Eddie Chacon and John Carroll Kirby unleashed trippy boogie in a Fender Rhodes whorl

Low-key legendary singer and jazz keyboardist flowed through compositions at The Chapel.

Eddie Chacon, a lowkey R&B legend, and John Carroll Kirby, a sought-after jazz keyboardist, took a two-week studio trip to Ibiza in October of 2021. A fan had offered Eddie and John the chance to stay in his Ibiza home for as long as they liked. While there, they rented the only Fender Rhodes on the island from a local rave crew, and used Pharoah Sanders’ “Greeting to Saud” as a daily inspiration source.

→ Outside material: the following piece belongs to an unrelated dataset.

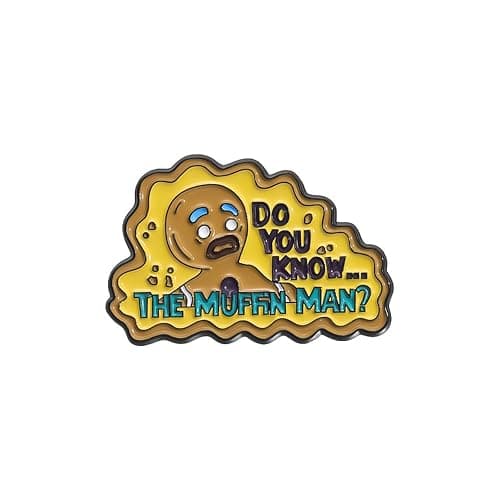 LUKGELYAM Cute Enamel Pins Cartoon Lapel Pin Brooch Badge for Backpack Jackets Funny Tiger Pins for Gift Anime Enamel Pin for Clothing Hat Decoration - Image 1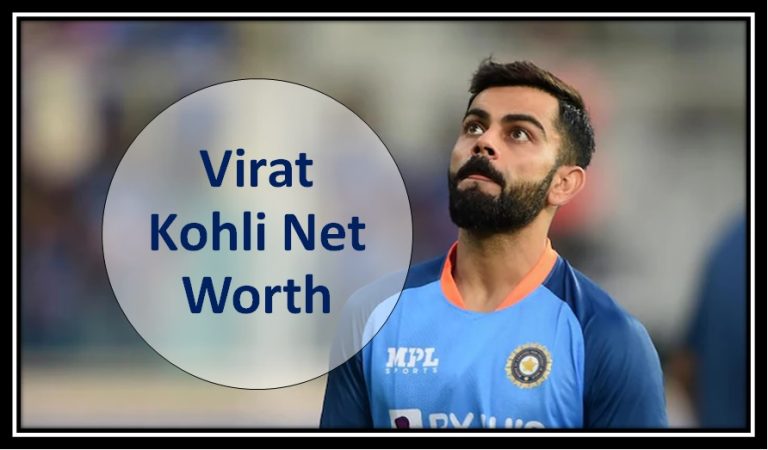 Virat Kohli Net Worth, Salary and Endorsements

These sessions led to Sundown, Chacon’s tenderhearted R&B album that was released this spring on Stones Throw Records. It is experimental soul of the highest regard.

Not quite Mad Professor meets Marvin Gaye, but you get the idea.

The duo performed together at The Chapel on Wednesday, June 28, as the first date of their tour. Compositions flowed—calling them songs would just be clumsy, like they were working freehand—with Chacon bouncing, just as giddy as an elf working in a 12-months-a-year Christmas shop. He shared with the crowd that this was his first time performing in his hometown for a while. “I mean, I’m from Hayward,” he blurted out to his adorning fans.

(l) John Carroll Kirby and Eddie Chacon at The Chapel, June 28. Photo by John-Paul Shiver

Chacon spoke upfront about starting out as a metal vocalist (an era comprised mainly of screaming), and how decades later he was able to perform in the vein of artists who he adored all along, Marvin Gaye being one of them. Still, he was not able to sing in Gaye’s style or ilk. That all changed when he moved to LA and found himself, again.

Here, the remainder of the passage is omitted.